Abstract:
In electrical power systems, one of the main challenges faced by system operators (ISO) is
ensuring a reliable balance between energy supply and demand. For this, a proper planning of
the system operation is necessary. Short-Term Load Forecasting (PCCP) is essential in this
process, as it assists in planning daily operations, including matching demand and supply,
setting future electricity prices and defining generation reserves. As smart grid technologies
and intermittent renewable energy sources have increased significantly in electricity markets,
the task of forecasting the load has increased in complexity and poses a challenge for ISOs.

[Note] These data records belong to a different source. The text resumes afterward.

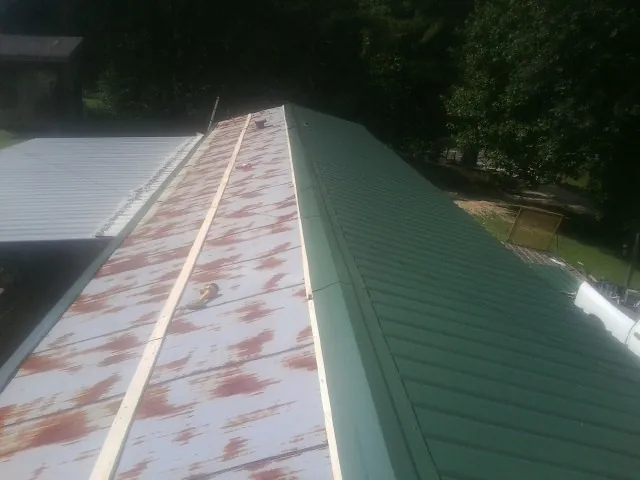 Old rusted panels beside newly installed green metal roofing — Wind Damage Roof Repair by Roofing Brothers in Wirtz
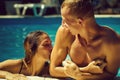 Happy young couple at swimming pool Royalty Free Stock Photo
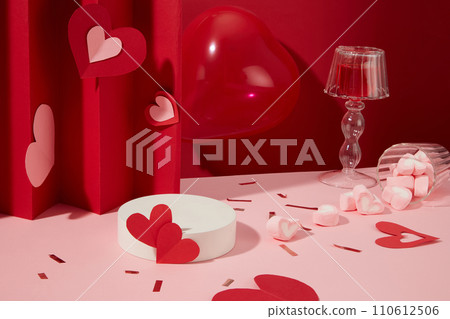 Round podium in white color displayed with red balloon, many heart-shaped marshmallows. Glamour minimal pedestal for beauty, cosmetic product presentation 110612506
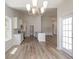Bright kitchen and dining area with lots of windows and a modern chandelier at 625 Woodside Dr., Conway, SC 29526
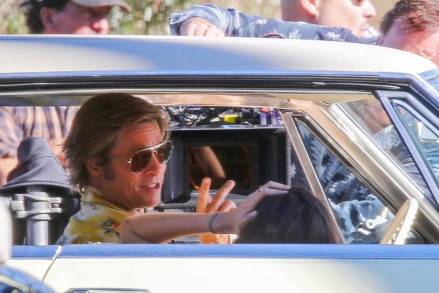 ** RIGHTS: WORLDWIDE EXCEPT IN ITALY ** Los Angeles, CA  - *EXCLUSIVE*  - Brad Pitt and Margaret Qualley are seen behind the scenes as they film "Once Upon a Time in Hollywood". Director Quinten Tarentino looks on as the two film a steamy scene in an old Cadillac for the star studded movie.Pictured: Brad Pitt, Margaret QualleyBACKGRID USA 20 OCTOBER 2018 USA: +1 310 798 9111 / usasales@backgrid.comUK: +44 208 344 2007 / uksales@backgrid.com*UK Clients - Pictures Containing ChildrenPlease Pixelate Face Prior To Publication*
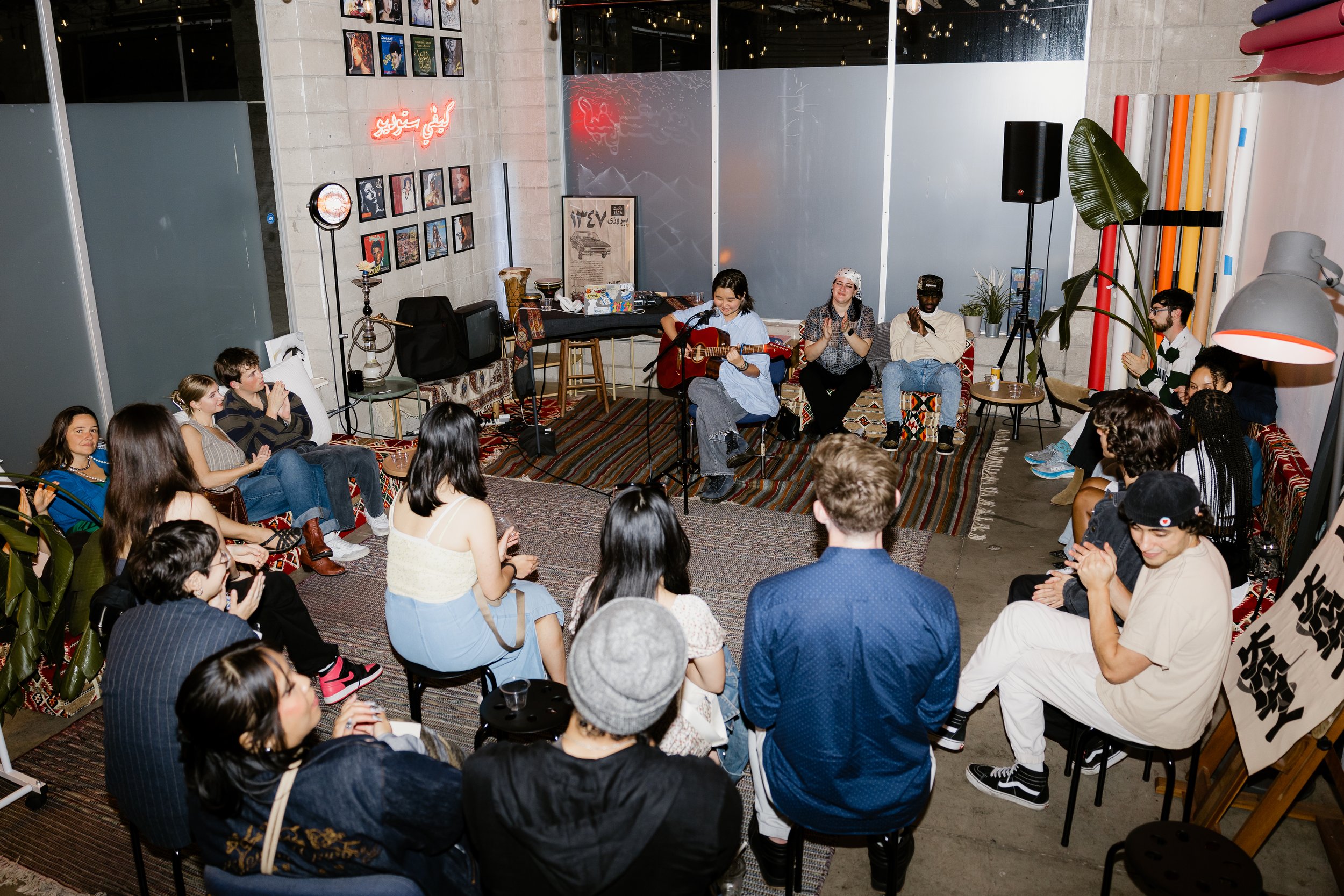 A group of people are gathered indoors, sitting in a semi-circle around a musician playing an acoustic guitar and singing. The setting has artwork on the wall, plants, and a casual, cozy atmosphere.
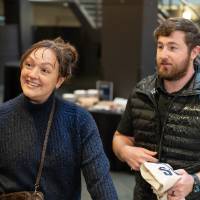 Two event attendees arriving at event and chatting with Kyle Barnhart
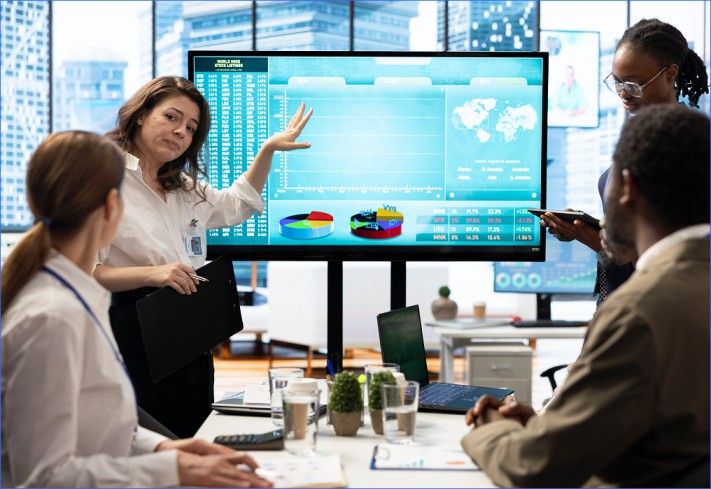 Team reviewing digital analytics dashboard in a modern office setting.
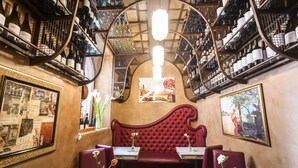 A restaurant interior with a red upholstered bench, tables with vases, and wine bottles on shelves. - Casa de' Fiori Biscione (Rome)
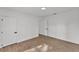 Spacious bedroom with light wood floors, white walls, and modern trim at 828 E Valencia St, Lakeland, FL 33805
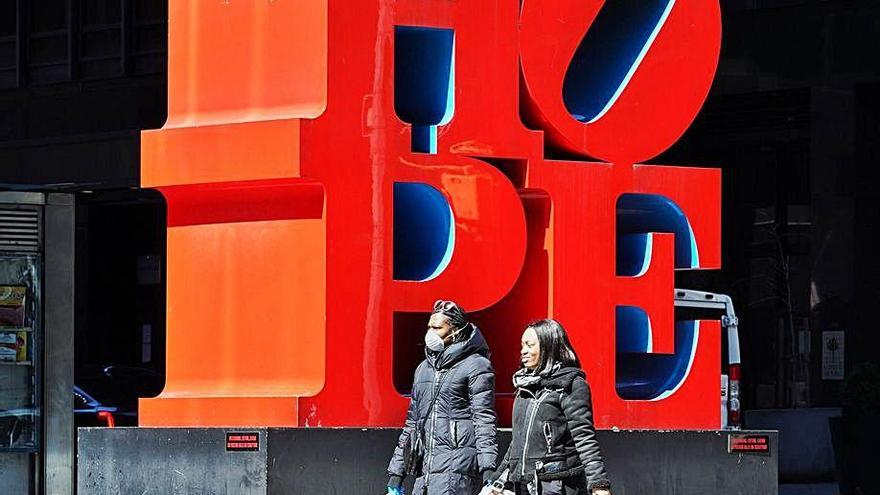 Dos mujeres pasan ante una escultura del artista Robert Indiana en Times Square con la palabra &#039;hope&#039; (esperanza).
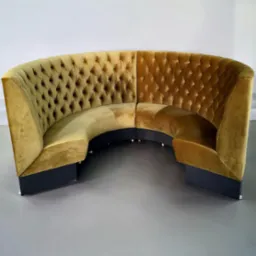 Półokrągła sofa modułowa z welurową tapicerką w odcieniach złota i brązu, z pikowaniem typu chesterfield, na ciemnych, niskich nóżkach.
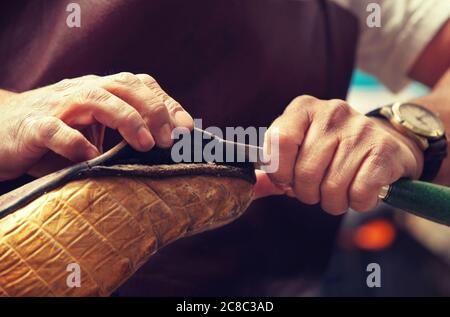 Cobbler craftsman fixing leather boot using tools Stock Photo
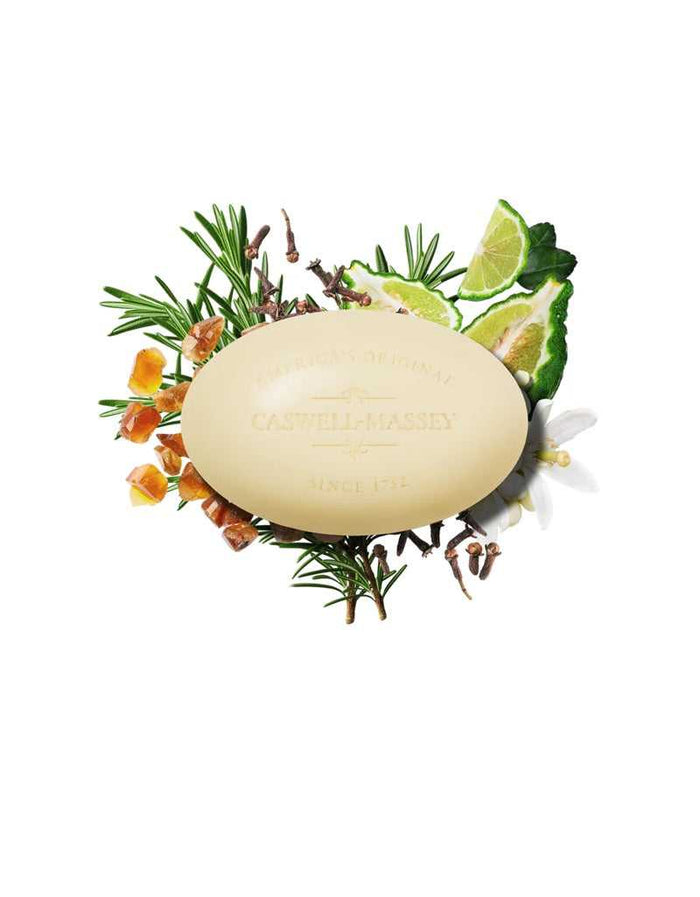 Number Six soap surrounded by citrus, herbs, and botanicals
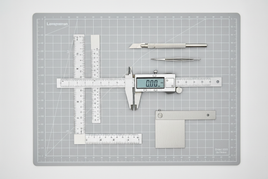 Precision measuring tools and cutting mats for scale modeling including rulers, calipers, and machinist squares on professional work surface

Nonlinear models based on machine learning techniques have become quite popular in recent
years, as has the use of hybrid models focused on specific problems. This work focuses on the
development of artificial neural network models to solve the PCCP problem, among them the
MultiLayer Perceptron (MLP) networks with different numbers of layers and the Long-Short
Term Memory (LSTM) and Gated Recurrent Unit (GRU) recurrent networks in its
unidirectional and bidirectional versions. In addition to the data provided by ISO, predicted
temperature information obtained from the Global Ensemble Forecast System (GEFS) model
was used to try to generate more accurate load forecasts. In general terms, the results show that
the recurrent models produce greater accuracy and more reliable results than the other models,
including the models used by the Brazilian ISO. This is emphasized with the application of the
Diebold-Mariano in a paired comparison test between models.